O NOVO GÓTICO NA LITERATURA E NA TV

 

Profa. Dra. Verônica Daniel Kobs*


Seguindo uma tendência que se fez comum, na literatura, no fim dos anos 1990 e no início do século XXI, Pedro Vieira, em Memórias desmortas de Brás Cubas, revisita um clássico machadiano, recriando-o parodisticamente. Na versão contemporânea, a história de Brás Cubas constitui o eixo narrativo, mas personagens de outros textos de Machado de Assis interferem no enredo, ao cruzarem o caminho de Brás, que agora é um zumbi, sedento por vingança. No texto de Vieira, assim como nas paródias em geral, “a ironia é […] uma forma sofisticada de expressão. A paródia é igualmente um gênero sofisticado […]. O codificador e, depois, o descodificador, têm de efetuar uma sobreposição estrutural de textos que incorpore o antigo no novo” (HUTCHEON, 1985, p. 50).
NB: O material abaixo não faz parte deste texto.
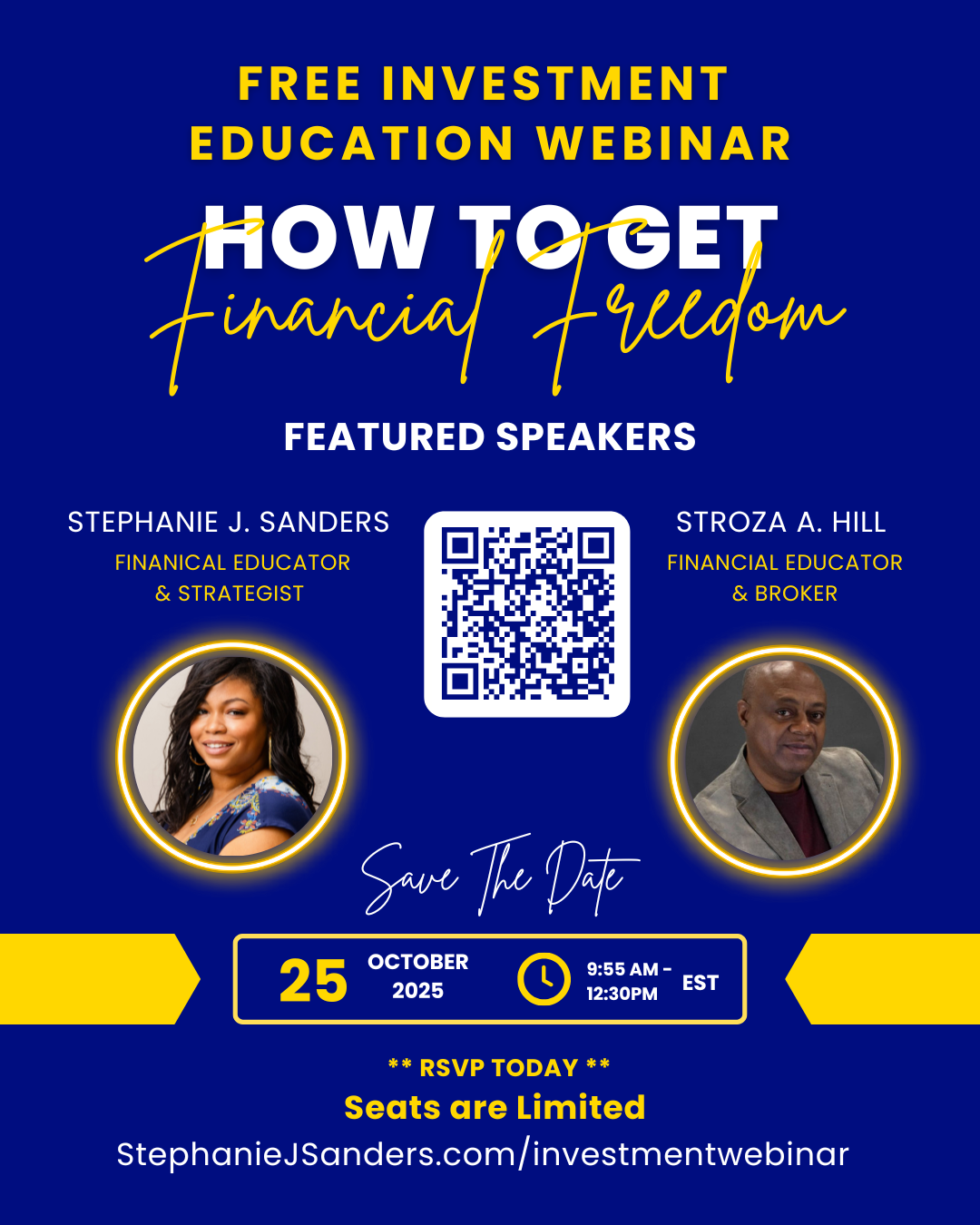 Stephanie J. Sanders | Consultant in Wake Forest, NC (4)
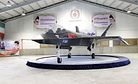 Iran's New Stealth Fighter: A Fake? 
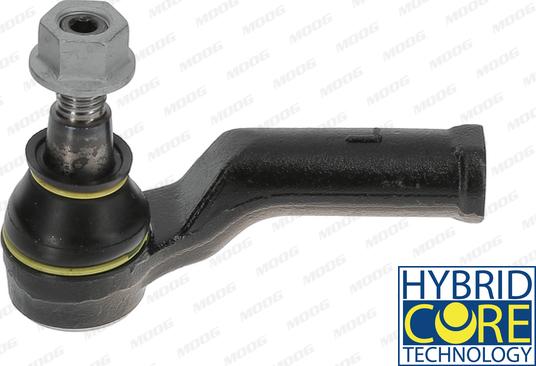 Moog FD-ES-5108 - Tie Rod End parts5.com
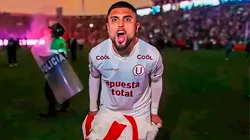 ¿Rodrigo Ureña deja Universitario?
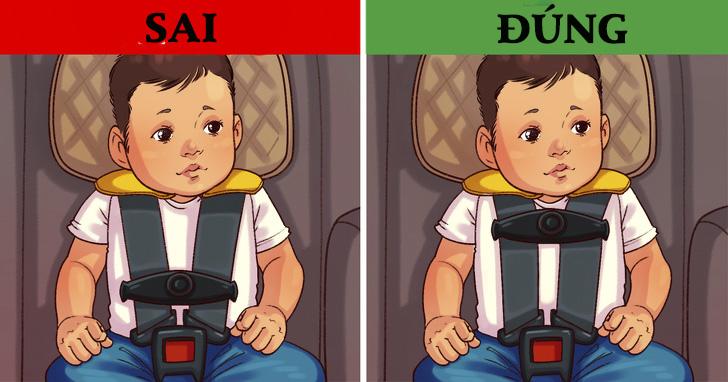 Phát hiện điểm bất thường qua bức ảnh chồng gửi mẹ cứu mạng con trai lúc tai nạn - 2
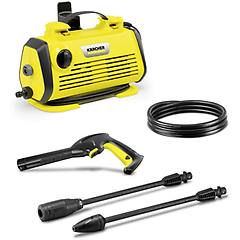 Karcher K3 Horizontal Plus Idropulitrice Portatile A Freddo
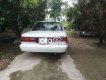 Toyota Camry     1988 - Bán xe Toyota Camry đời 1988, màu trắng, xe nhập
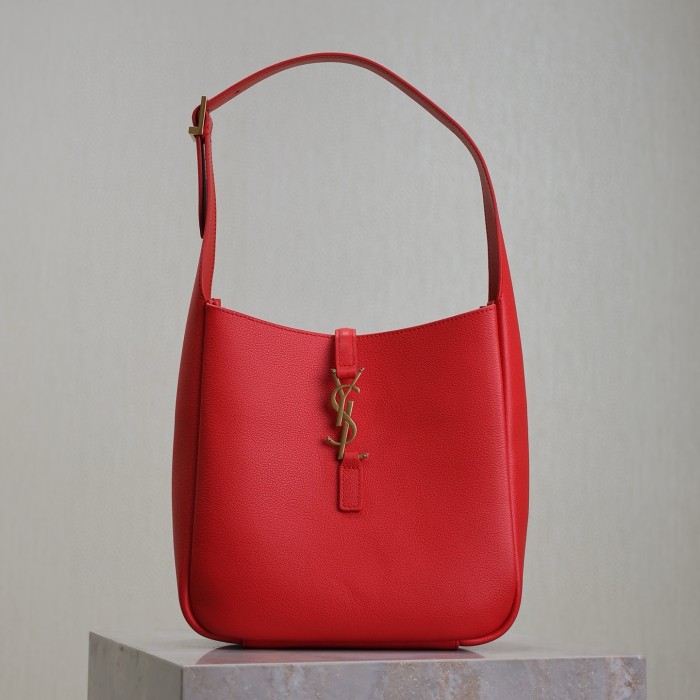 AAAAA# High Quality Womens LE 5A7 Hobo Bag Shoulder Bag  23×22×8.5CM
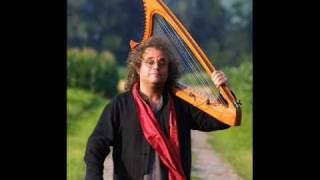 Andreas Vollenweider - Forest Folks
Essa dualidade constitutiva da paródia alinha-se perfeitamente às oposições que caracterizam o resgate do gótico, conforme Dani Cavallaro apresenta em seu livro, na categoria “Ideological connotations” (CAVALLARO, 2002, p. 8), e também à hibridação que caracteriza a literatura weird: “[…] weird fiction generates its own distinctive conventions and its own generic form, but it remains an unstable construction” (NOYS; MURPHY, 2016, p. 117).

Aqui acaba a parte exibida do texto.